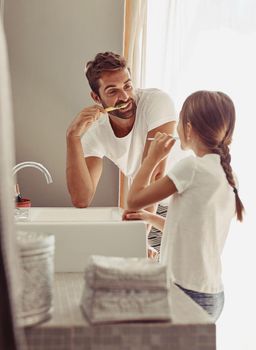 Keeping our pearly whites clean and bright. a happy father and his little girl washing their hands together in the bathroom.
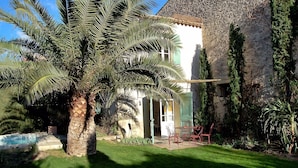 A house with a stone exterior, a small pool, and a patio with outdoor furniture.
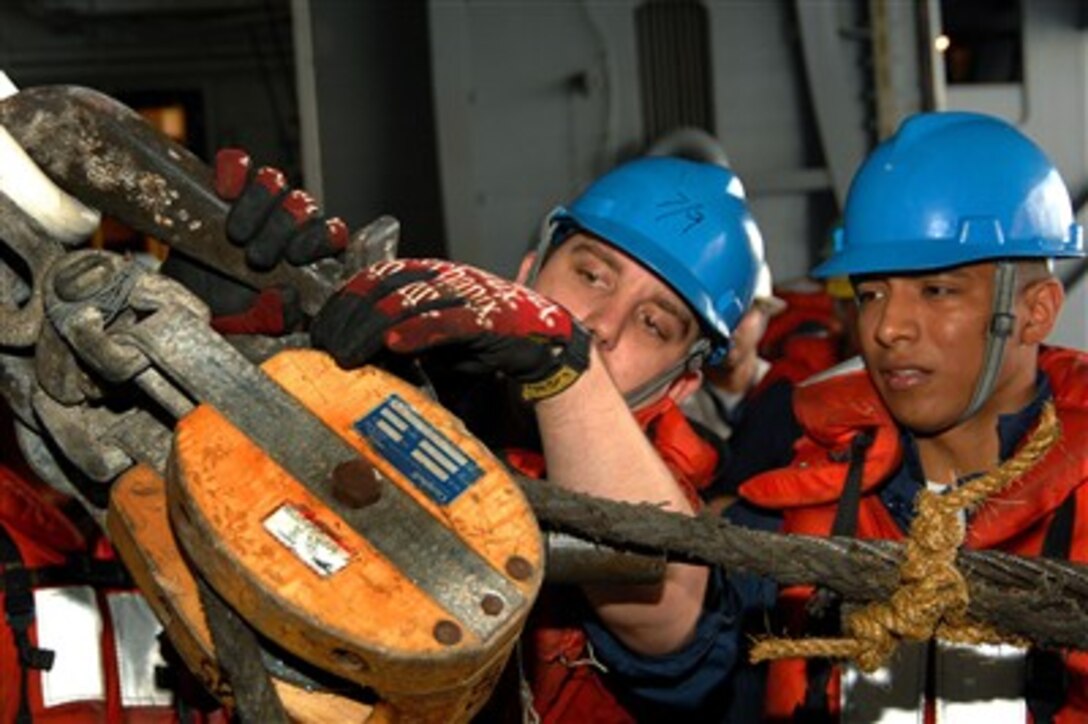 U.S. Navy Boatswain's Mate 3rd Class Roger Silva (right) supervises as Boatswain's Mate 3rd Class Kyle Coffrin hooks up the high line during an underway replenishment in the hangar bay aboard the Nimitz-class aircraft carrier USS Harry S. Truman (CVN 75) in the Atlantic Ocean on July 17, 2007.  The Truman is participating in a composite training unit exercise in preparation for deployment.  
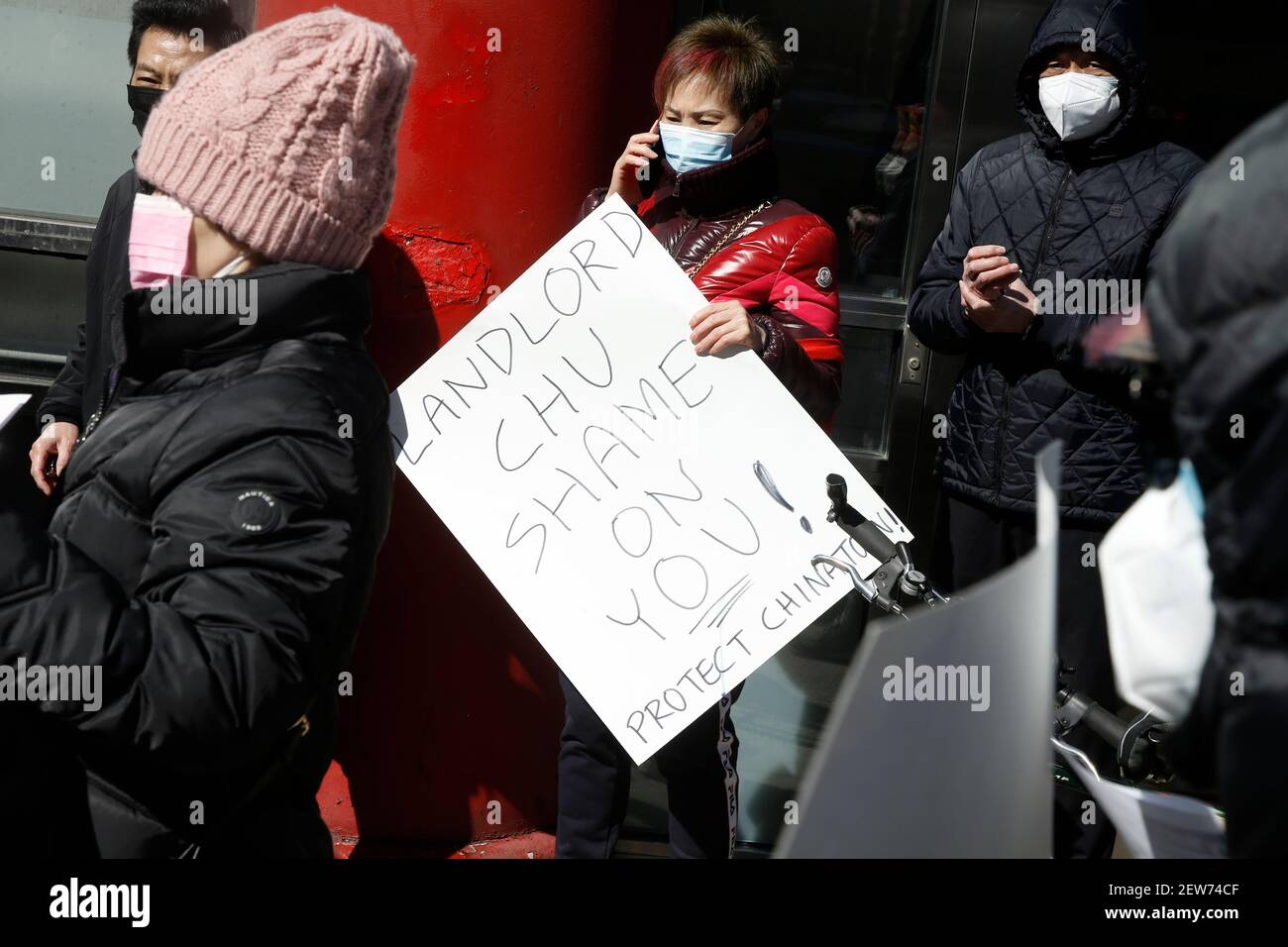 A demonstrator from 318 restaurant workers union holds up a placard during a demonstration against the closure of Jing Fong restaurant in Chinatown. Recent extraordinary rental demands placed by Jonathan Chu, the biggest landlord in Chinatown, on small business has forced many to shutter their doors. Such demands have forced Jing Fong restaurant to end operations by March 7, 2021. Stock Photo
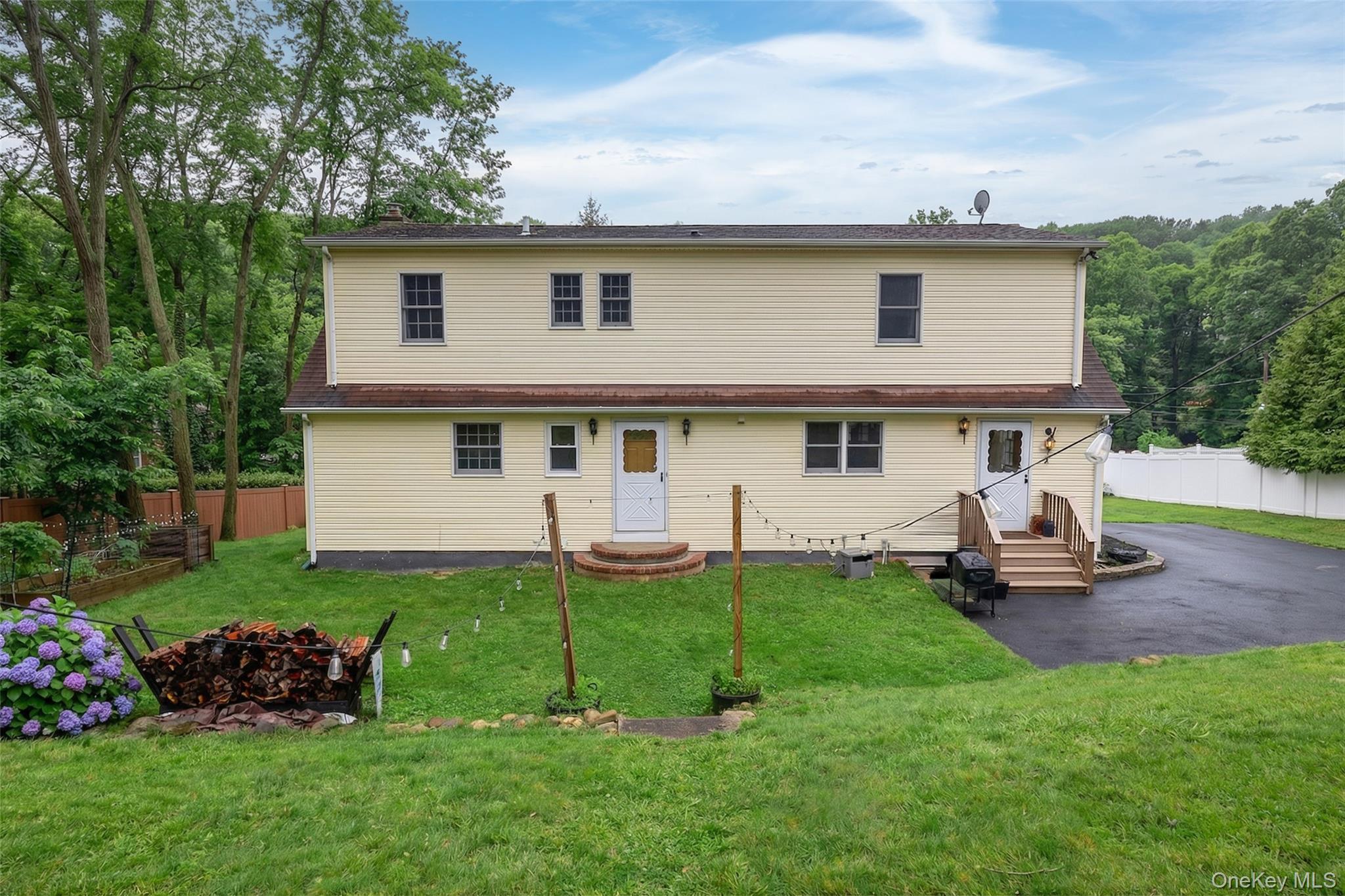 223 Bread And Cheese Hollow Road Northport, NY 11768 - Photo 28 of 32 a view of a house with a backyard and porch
*-*-*
Each line from the one containing "A demonstrator from" to the final line of the data must be printed exactly, both included, with nothing else and no pictures.

 A demonstrator from 318 restaurant workers union holds up a placard during a demonstration against the closure of Jing Fong restaurant in Chinatown. Recent extraordinary rental demands placed by Jonathan Chu, the biggest landlord in Chinatown, on small business has forced many to shutter their doors. Such demands have forced Jing Fong restaurant to end operations by March 7, 2021. Stock Photo
 223 Bread And Cheese Hollow Road Northport, NY 11768 - Photo 28 of 32 a view of a house with a backyard and porch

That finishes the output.